- [Problem description]: Everything in the data below except the pictures must be repeated word for word.

- [Supplied data]:
>>>

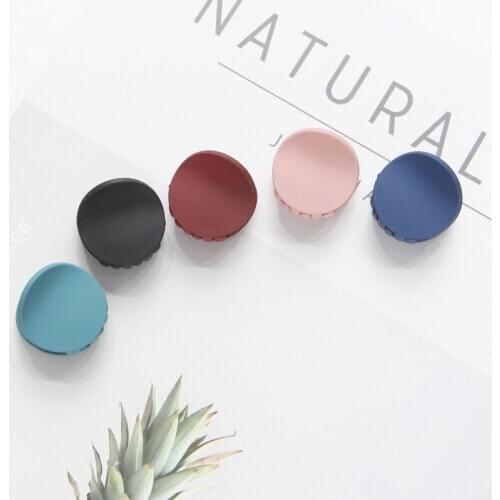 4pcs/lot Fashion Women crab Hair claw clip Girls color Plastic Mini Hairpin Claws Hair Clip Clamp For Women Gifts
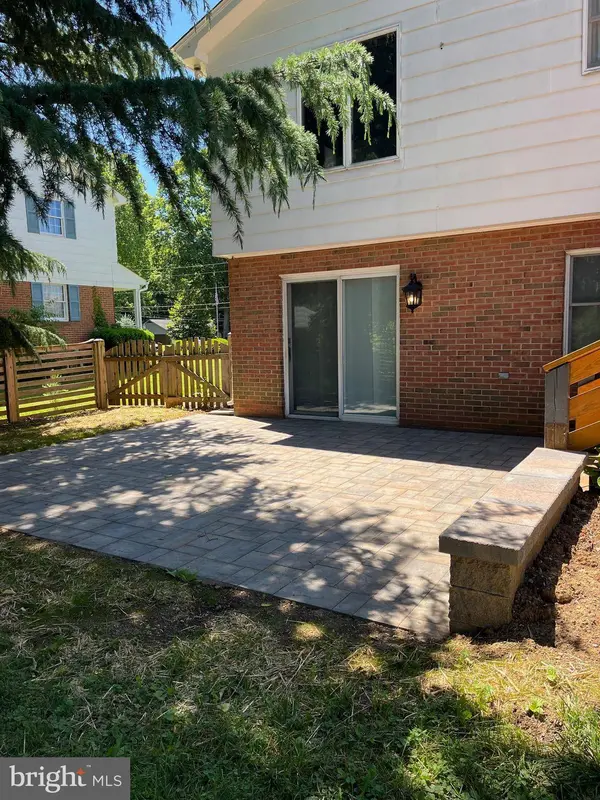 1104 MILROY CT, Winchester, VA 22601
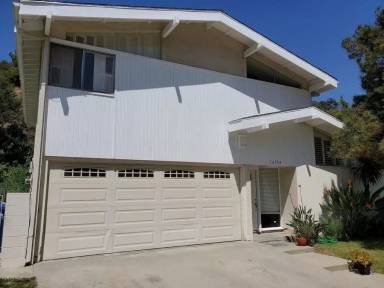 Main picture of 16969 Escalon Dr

<<<

- [Finished exercise]:
 4pcs/lot Fashion Women crab Hair claw clip Girls color Plastic Mini Hairpin Claws Hair Clip Clamp For Women Gifts
 1104 MILROY CT, Winchester, VA 22601
 Main picture of 16969 Escalon Dr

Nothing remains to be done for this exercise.